Voici qu'en ce
mois de mars, le théâtre du Lucernaire, à Paris, met en scène le "George
Dandin" de Molière, grinçante farce qui conte les malheurs d'un homme dupé
et humilié pour s'être lui-même fourvoyé dans une situation qui le dépasse et
où il va d'abdications en renoncements.
Comment ne pas
penser à notre gauche de gouvernement, qui après toutes ces mesures reprenant
sous un autre nom des dispositions du pouvoir qu'elle remplace et qu'elle avait
en d'autres temps férocement fustigées, se voit à présent engagée dans la voie
d'une réforme des retraites et même – horresco
referens – du réajustement de la taxation des carburants, dossier explosif
s'il en est ?
Comment ne pas
s'interroger sur les obscures raisons qui lui ont fait briguer le pouvoir au
moment précis où elle aurait dû tout mettre en œuvre pour que ce soit la droite
qui ait à gérer l'avalanche de mesures impopulaires que la conjoncture
économique promettait à coup sûr ?
Il semble
difficile d'imaginer que les stratèges du PS aient mal évalué la gravité et la
complexité de la situation. Sauf à vivre sur une autre planète, il s'agissait
d'une évidence. On pouvait certes imaginer la venue de jours meilleurs, espérer
on ne sait quel miracle qui ramènerait la croissance et permettrait de rétablir
les comptes en douceur, mais aucun économiste sérieux n'y croyait et l'on ne
prend pas la direction d'un état en tirant des plans sur la comète ou en
attendant la descente du Père Noël. Pourquoi donc s'être donné tant de mal,
avoir enflammé les foules des meetings en clamant que le changement, c'était
maintenant ? Pourquoi avoir improvisé à la tribune de fulgurantes propositions
comme cette taxation à 75% dont tout expert savait qu'elle serait considérée
inconstitutionnelle ? Pourquoi s'être lancé en direct dans cette imposante
anaphore, qui laissa pantois l'adversaire, et dont nous voyons l'un après
l'autre les termes démentis par l'action réellement menée ?
Peut-être la
réponse est-elle limpide, dans sa simplicité. Ce n'est pas même une volonté de
gagner après une longue éclipse qui suscitait cette ardeur puisque gagner dans de
telles conditions préparait à coup sûr une future perdition. Non ! Il
n'existait qu'une seule, unique, irrésistible motivation : battre Nicolas Sarkozy.

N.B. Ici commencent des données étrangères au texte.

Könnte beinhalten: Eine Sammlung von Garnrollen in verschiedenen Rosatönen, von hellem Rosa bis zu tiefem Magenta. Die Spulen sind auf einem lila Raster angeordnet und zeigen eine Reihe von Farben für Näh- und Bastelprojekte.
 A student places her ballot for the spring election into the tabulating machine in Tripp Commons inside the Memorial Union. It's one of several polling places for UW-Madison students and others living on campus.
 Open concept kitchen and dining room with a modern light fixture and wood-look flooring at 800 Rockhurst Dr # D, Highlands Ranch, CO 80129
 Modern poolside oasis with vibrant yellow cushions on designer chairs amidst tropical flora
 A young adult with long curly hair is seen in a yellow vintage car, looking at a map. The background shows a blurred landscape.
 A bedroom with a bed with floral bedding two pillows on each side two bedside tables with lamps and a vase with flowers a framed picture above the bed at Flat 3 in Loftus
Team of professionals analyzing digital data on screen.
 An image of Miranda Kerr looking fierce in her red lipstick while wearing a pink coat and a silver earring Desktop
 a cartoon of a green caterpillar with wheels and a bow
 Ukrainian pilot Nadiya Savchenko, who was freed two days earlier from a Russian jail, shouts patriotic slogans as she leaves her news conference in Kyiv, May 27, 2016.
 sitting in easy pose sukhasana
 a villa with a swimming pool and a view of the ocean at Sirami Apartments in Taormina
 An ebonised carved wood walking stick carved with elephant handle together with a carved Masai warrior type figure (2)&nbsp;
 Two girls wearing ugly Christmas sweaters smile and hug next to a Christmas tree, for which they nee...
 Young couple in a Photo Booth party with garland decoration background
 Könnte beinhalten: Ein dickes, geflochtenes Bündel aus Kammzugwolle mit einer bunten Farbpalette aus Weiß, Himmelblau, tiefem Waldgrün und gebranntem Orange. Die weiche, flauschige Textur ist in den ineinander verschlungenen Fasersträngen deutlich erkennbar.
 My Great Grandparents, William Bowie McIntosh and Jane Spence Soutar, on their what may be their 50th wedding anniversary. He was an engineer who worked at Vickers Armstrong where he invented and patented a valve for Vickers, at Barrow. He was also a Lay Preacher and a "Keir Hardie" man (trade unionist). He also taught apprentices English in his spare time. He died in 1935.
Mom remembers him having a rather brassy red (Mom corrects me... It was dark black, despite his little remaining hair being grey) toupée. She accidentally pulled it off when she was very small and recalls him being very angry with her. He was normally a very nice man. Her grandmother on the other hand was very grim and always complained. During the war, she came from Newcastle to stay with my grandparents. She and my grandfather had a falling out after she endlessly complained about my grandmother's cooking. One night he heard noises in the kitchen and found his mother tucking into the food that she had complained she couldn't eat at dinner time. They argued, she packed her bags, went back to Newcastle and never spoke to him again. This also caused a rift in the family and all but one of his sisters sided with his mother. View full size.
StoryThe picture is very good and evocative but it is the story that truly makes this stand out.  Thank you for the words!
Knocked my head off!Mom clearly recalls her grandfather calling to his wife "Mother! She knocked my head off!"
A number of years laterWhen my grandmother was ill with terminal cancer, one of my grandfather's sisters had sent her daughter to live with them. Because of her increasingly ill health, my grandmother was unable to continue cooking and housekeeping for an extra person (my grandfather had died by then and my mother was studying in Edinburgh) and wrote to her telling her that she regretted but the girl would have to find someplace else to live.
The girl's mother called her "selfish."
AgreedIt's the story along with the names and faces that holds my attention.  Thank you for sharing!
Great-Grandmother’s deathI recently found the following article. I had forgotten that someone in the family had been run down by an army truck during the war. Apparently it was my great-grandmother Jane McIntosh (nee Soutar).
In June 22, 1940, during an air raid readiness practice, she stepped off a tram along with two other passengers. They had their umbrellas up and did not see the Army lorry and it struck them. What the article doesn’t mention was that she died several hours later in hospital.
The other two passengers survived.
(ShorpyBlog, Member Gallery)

Le changement, c'était bien maintenant, mais il se limitait à une substitution
de personne : François Hollande remplaçait à l'Elysée Nicolas Sarkozy. Point
final. Le changement était intervenu le soir du 6 mai 2012. Le rideau pouvait
tomber, se rouvrir, et la même représentation se poursuivre, simplement avec
d'autres acteurs.
L'opinion s'en
est-elle satisfaite (et nous parlons là évidemment de ceux qui avaient cru au
changement et y crurent encore quelques mois) ? Il semble bien que non, si l'on
observe les résultats des instituts de sondage. Le public siffle et ce n'est
qu'un début, avec ce qui s'annonce !
N'aurait-il
pas été préférable, dans une perspective de gauche, que ce soit précisément la
droite qui se charge de cette rude tâche ? Cela aurait même permis de
critiquer, de pourfendre, de se moquer… Hélas ! Ce n'est plus possible. Ce sont
les rameurs du PS qui sont aux avirons de la galère et la mer grossit, le ciel
se plombe…
Alors, voilà qu'on
entend George Dandin qui gémit sur lui-même: "Vous l'avez voulu ! Vous l'avez voulu, George Dandin ! Vous l'avez
voulu ! Cela vous sied si bien et vous voilà ajusté comme il faut : vous avez
justement ce que vous méritez…". George Dandin. Acte I, scène 9).